WORK REQUIRED - A word-for-word copy of the listing is what's needed; leave out every image.

-- GIVEN DATA follows --

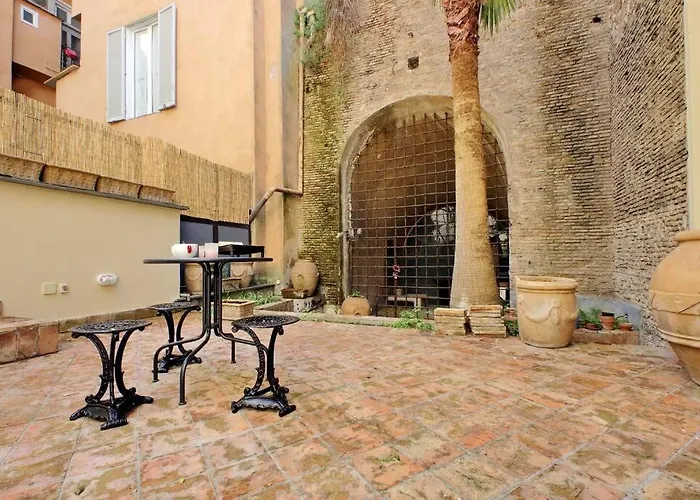 Pantheon With Private Terrace Daire *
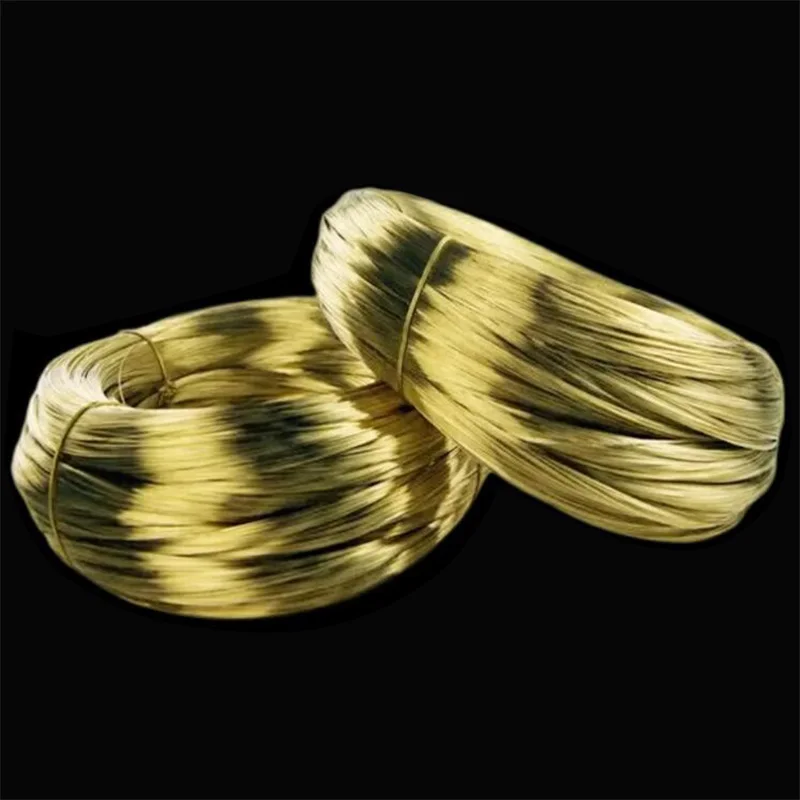 Brass Round Wire Half Hard 0.3 0.4 0.5 0.6 0.7 0.8 0.9 1 1.2 1.3 1.4 1.5 1.6 1.8 2 2.5 3 3.5 4 4.5 5 6mm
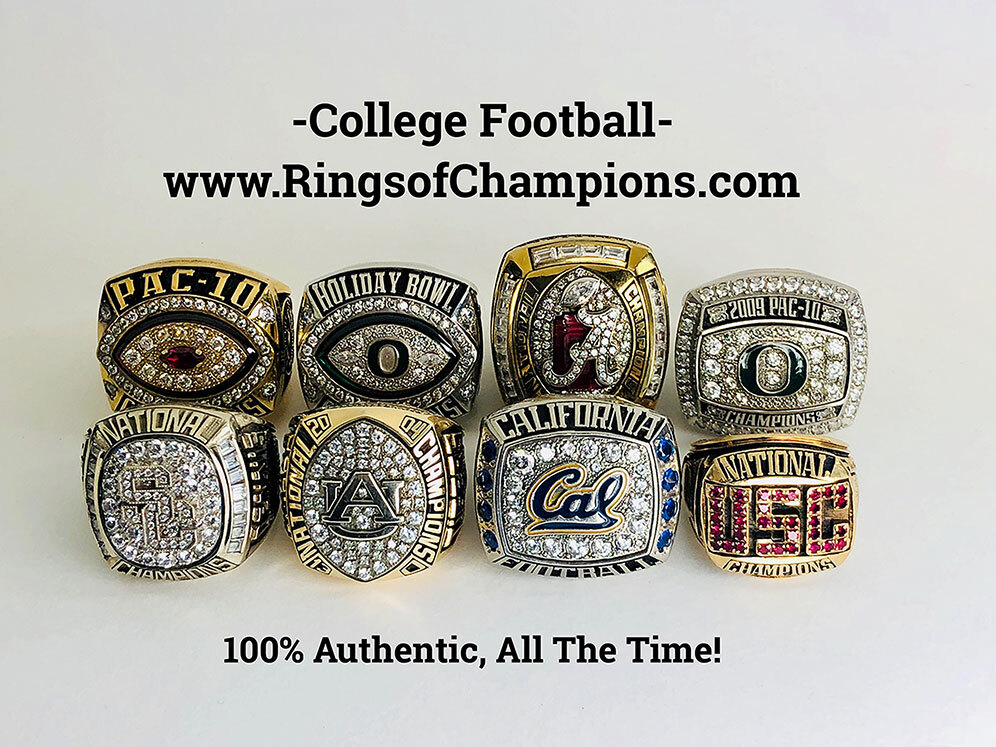 Buy championship rings, authentic championship rings, sell trade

-- GIVEN DATA concluded --

RESPONSE TO THIS TASK -
 Pantheon With Private Terrace Daire *
 Brass Round Wire Half Hard 0.3 0.4 0.5 0.6 0.7 0.8 0.9 1 1.2 1.3 1.4 1.5 1.6 1.8 2 2.5 3 3.5 4 4.5 5 6mm
 Buy championship rings, authentic championship rings, sell trade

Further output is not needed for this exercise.